Reply: Different departments and organisations have started implementing e tendering only recently. Moreover, as public procurement is decentralised, no data is presently available. Under the National e Governance Plan, efforts are being made for e procurement and centralised information base thereof.

India became an observer to the WTO Agreement on Government Procurement in February 2010.

  1. What are the intentions of the Indian authorities with regard to the objective of joining the GPA? What are the steps being taken towards that accession?

Reply: Issue of India commencing accession to GPA is under examination. At present, any commitment on this issue is not feasible.

WTO's Secretariat Report, page 106, paragraph 220

It is indicated that "the Central Government has set reservations and price preferences as part of the procurement system".

  1. Could India provide a full list of those reservations and price preferences, as well as a detailed explanation of their objectives and scope?

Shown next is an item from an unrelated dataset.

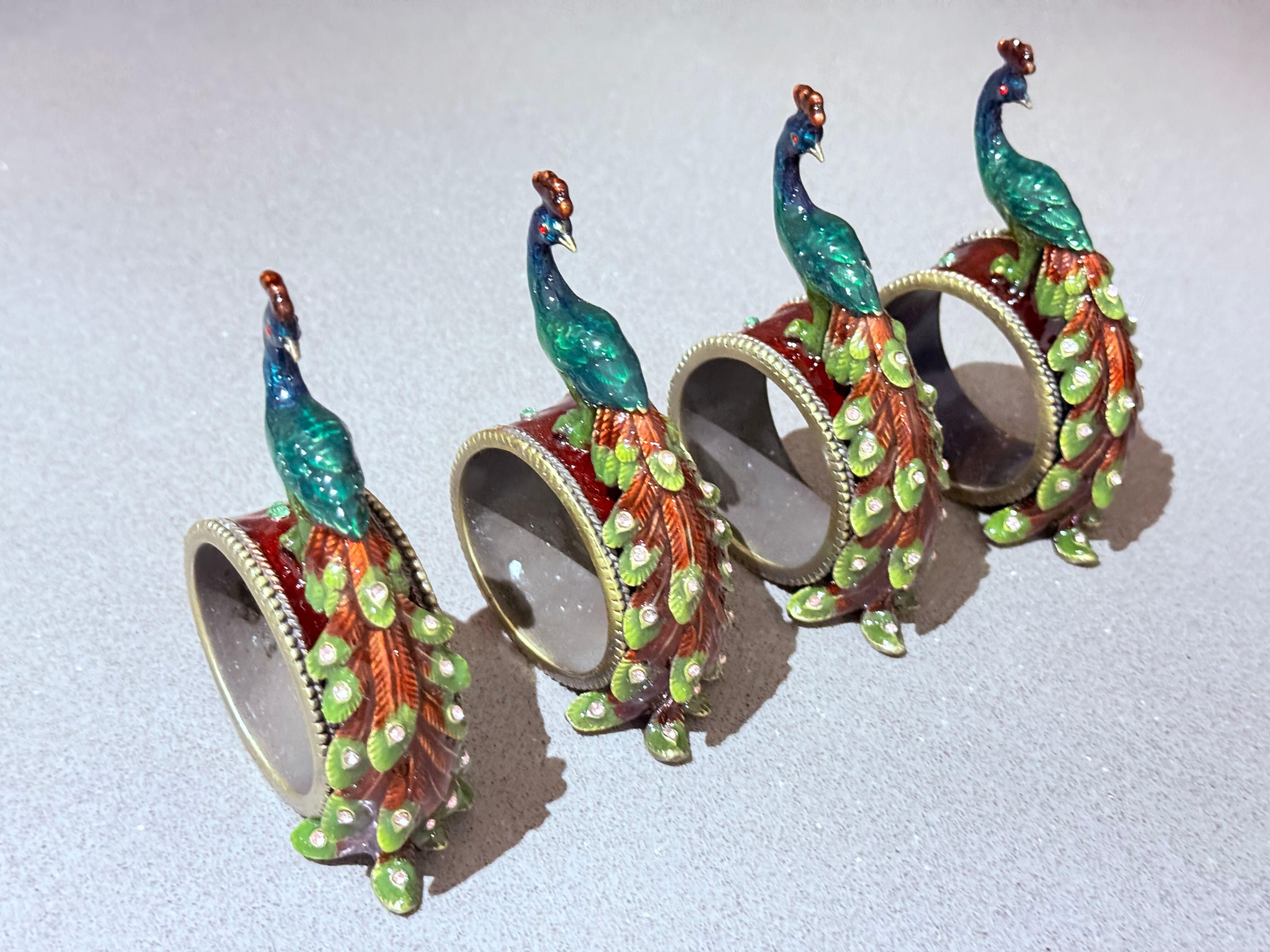 Set di 4 portatovaglioli e gioielli di pavone antico, accessori da pranzo esotici e di lusso in vendita 4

Also, could India indicate whether these reservations and preferences are temporary?

Reply: Transparency and fairness in GP are values that have stand alone significance for India purely in the domestic context. We are engaged in improving our procurement systems. However, carve outs and offsets are essential for the development of the sensitive sectors in a developing economy like India, and has been availed of even by other GPA signatories. The Central Government, through administrative instructions, has reserved certain products for procurement from MSMEs and KVIC etc. For example, 358 products belonging to respective industry sectors are reserved for procurements from micro and small enterprises (MSEs) by state/central ministries/departments/PSUs. Instructions relating to price preference/reservation for procurement of certain items/categories of suppliers are issued by certain ministries/departments such are D/o Public Enterprises and M/o Micro, Small and Medium Enterprises.

WTO's Secretariat Report, page 106, paragraph 221

  1. What is the scope of the "control and oversight functions" carried out by the central authorities listed by India? Do all States have similar systems?

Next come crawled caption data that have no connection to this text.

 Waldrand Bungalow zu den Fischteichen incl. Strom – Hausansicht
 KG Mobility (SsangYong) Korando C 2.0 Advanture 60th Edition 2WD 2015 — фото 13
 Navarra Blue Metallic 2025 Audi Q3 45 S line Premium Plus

Reply: Besides internal controls, Comptroller and Accountant General of India, and the Central Vigilance Commission perform the oversight. Similarly, in the state governments, Accountant General and the State Vigilance Commission monitor such procurement activities. Public procurement is regulated through a series of executive directives which supplements the regulations (e.g. the directives issued by Vigilance Commission from time to time).

WTO's Secretariat Report, page 106, paragraph 222

  1. Do these procedures only concern disputes over contract compliance in a particular procurement? How are disputes over the tendering process and award of a particular contract resolved? Does the Indian domestic law provide for the possibility to challenge a bid? To what extent can foreign suppliers make use of these processes?

Reply: Yes, these procedures only concern disputes over contract compliance in a particular procurement. Presently, the disputes over the tendering process and award of particular contract are resolved by addressing the grievances to the higher authority of organization and if it is not resolved satisfactory, the supplier can appeal to the competent court. The same grievance redressal mechanism is available to the foreign supplier also.

WTO's Secretariat Report, page 107, paragraph 224

  1. Which are the procuring entities that are subject to the central procurement level? Are all subject to the whole list of rules and directives listed in this paragraph? Which is the regulatory framework applied to public private partnerships? Which rules apply to public purchasing by entities in the utilities sector, such as for the generation and distribution of electricity, gas, oil and water, as well as in the transport sectors?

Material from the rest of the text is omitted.